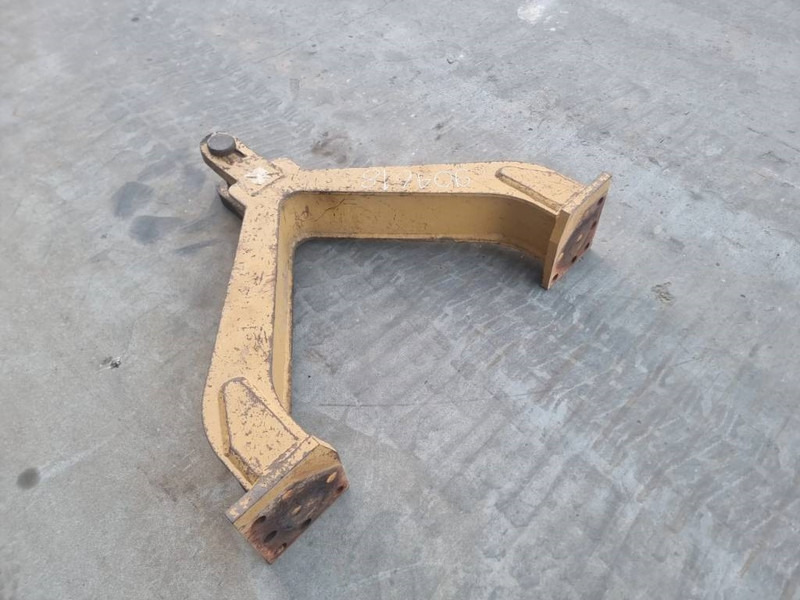 Cat D6H / D6R / D6T Zugtraverse / Trekhaak - Attachment for Construction machinery: picture 4 Cat D6H / D6R / D6T Zugtraverse / Trekhaak - Attachment for Construction machinery: picture 4
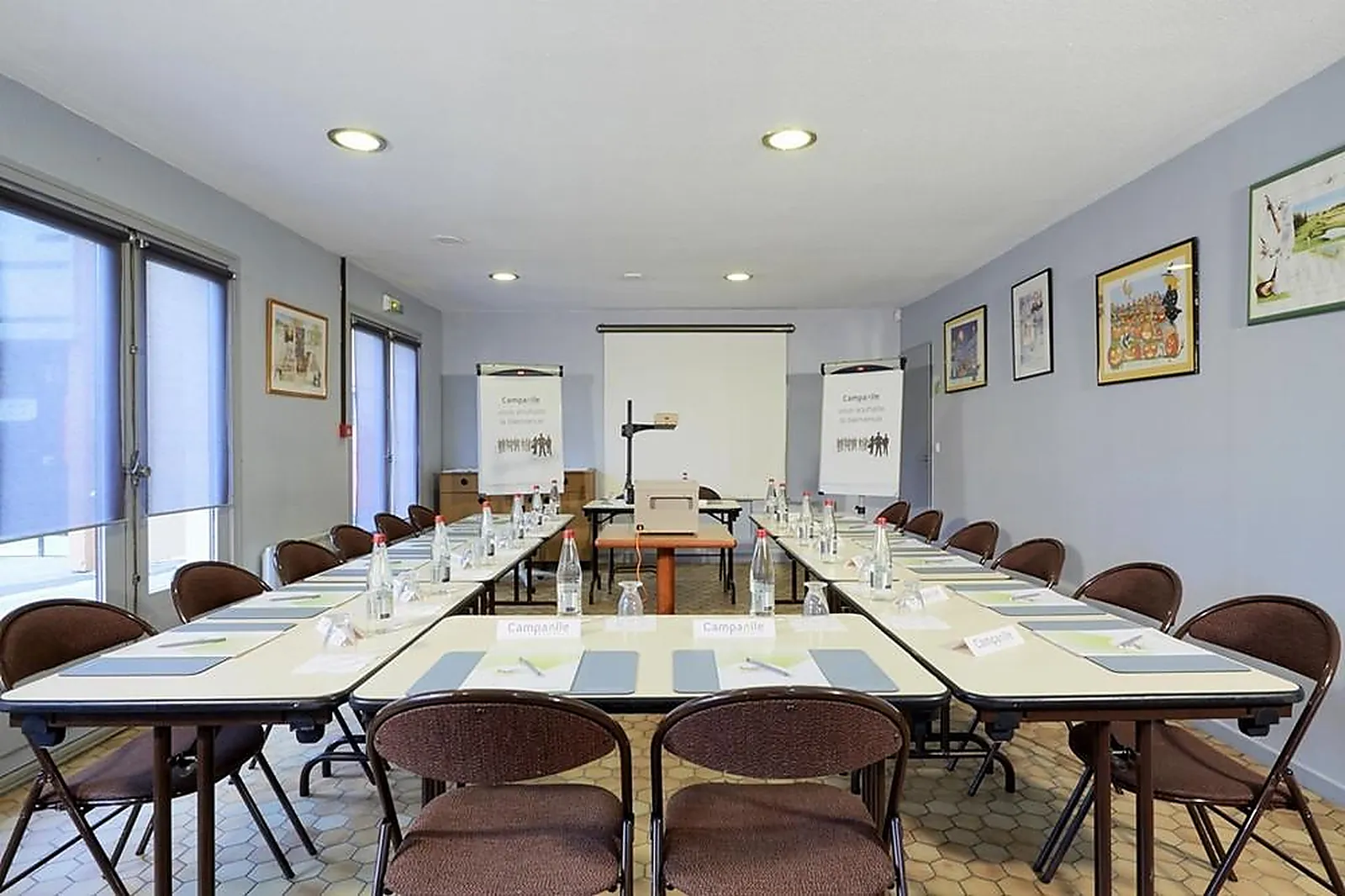 Lieux événementiels, KYRIAD DIRECT EPINAL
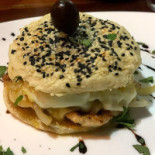 Espaco Aberto Comida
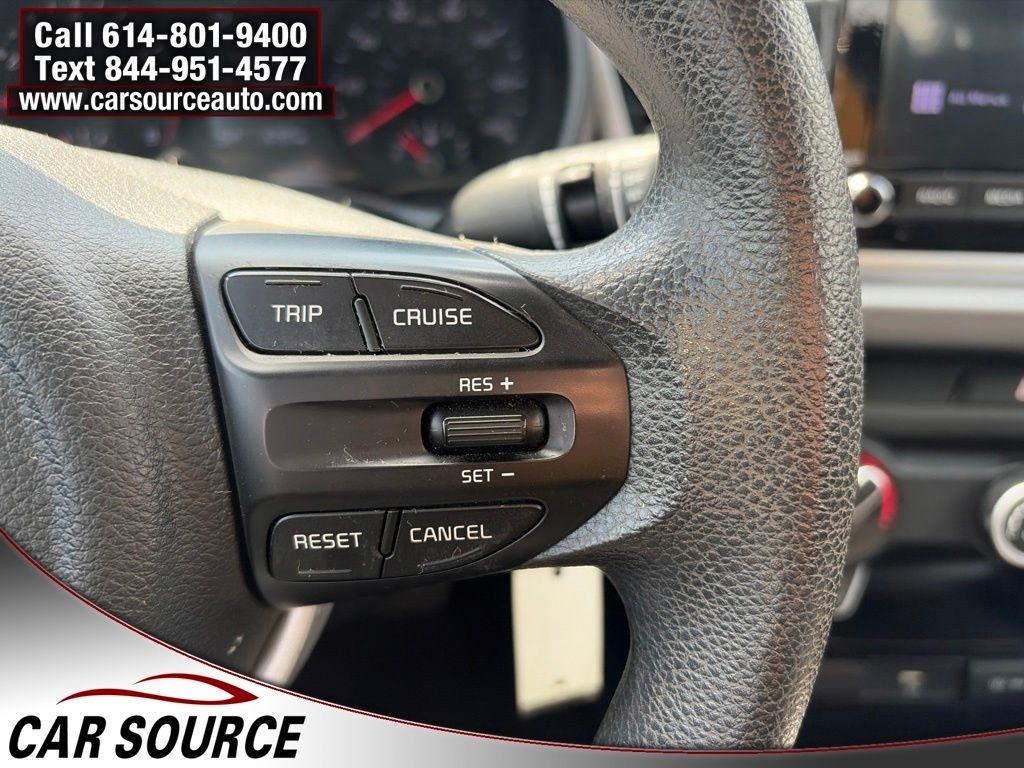 Kia Rio  2022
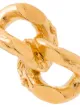 Alighieri 24kt gold-plated The Fractured Link earrings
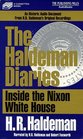 The Haldeman Diaries Inside the Nixon White House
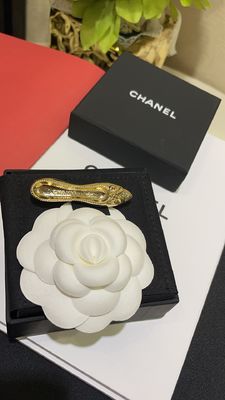 Anti Allergy Diamond Drop Brooch High Heeled Broock Shape For Women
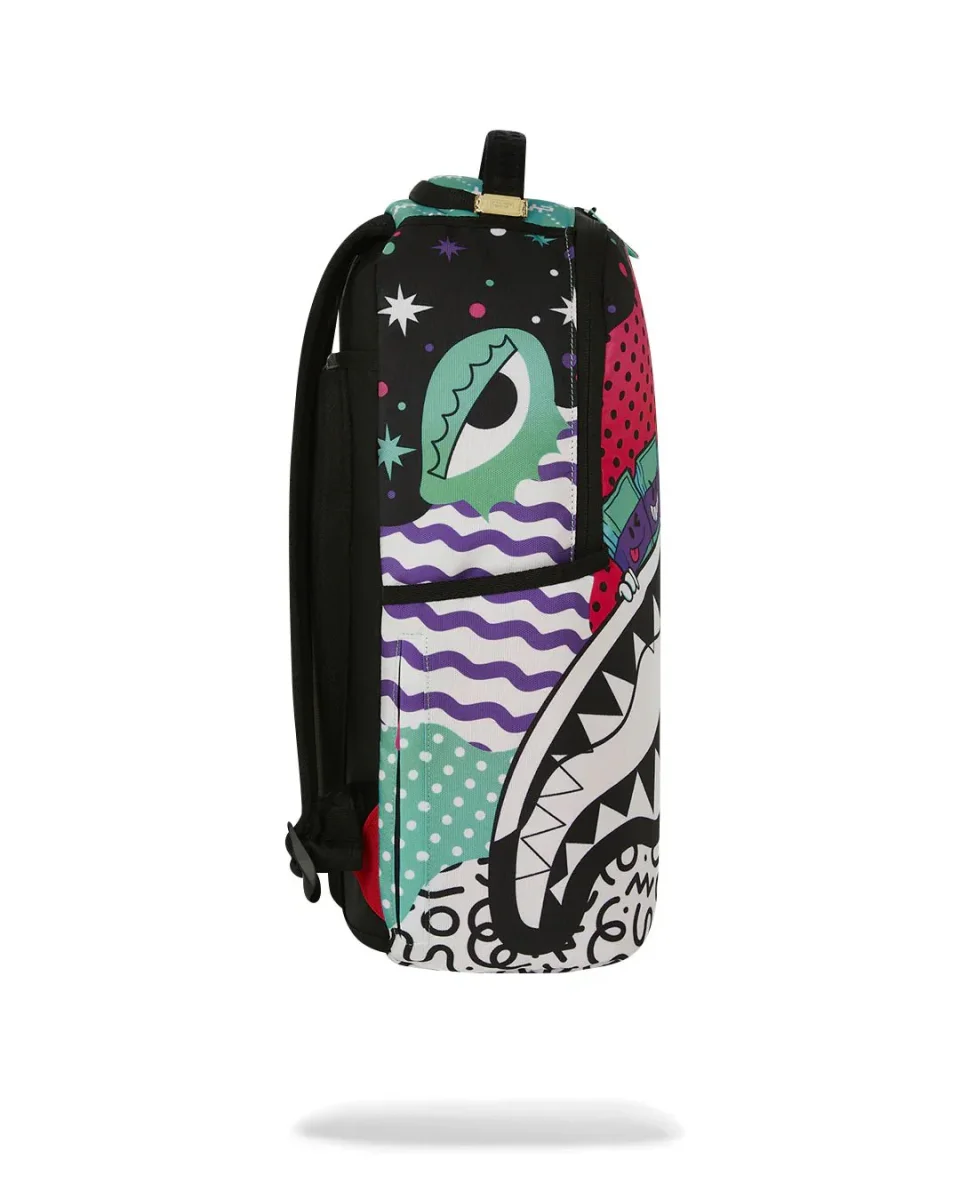 ZAINO STREET ART INSPIRED CONCEPTS BACKPACK SPRAYGROUND - immagine 4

* * *

▶ [Exercise instructions] Please write out the whole listing exactly, but not the pictures in it.

▶ [Output of the exercise]
 Cat D6H / D6R / D6T Zugtraverse / Trekhaak - Attachment for Construction machinery: picture 4 Cat D6H / D6R / D6T Zugtraverse / Trekhaak - Attachment for Construction machinery: picture 4
 Lieux événementiels, KYRIAD DIRECT EPINAL
 Espaco Aberto Comida
 Kia Rio  2022
 Alighieri 24kt gold-plated The Fractured Link earrings
 The Haldeman Diaries Inside the Nixon White House
 Anti Allergy Diamond Drop Brooch High Heeled Broock Shape For Women
 ZAINO STREET ART INSPIRED CONCEPTS BACKPACK SPRAYGROUND - immagine 4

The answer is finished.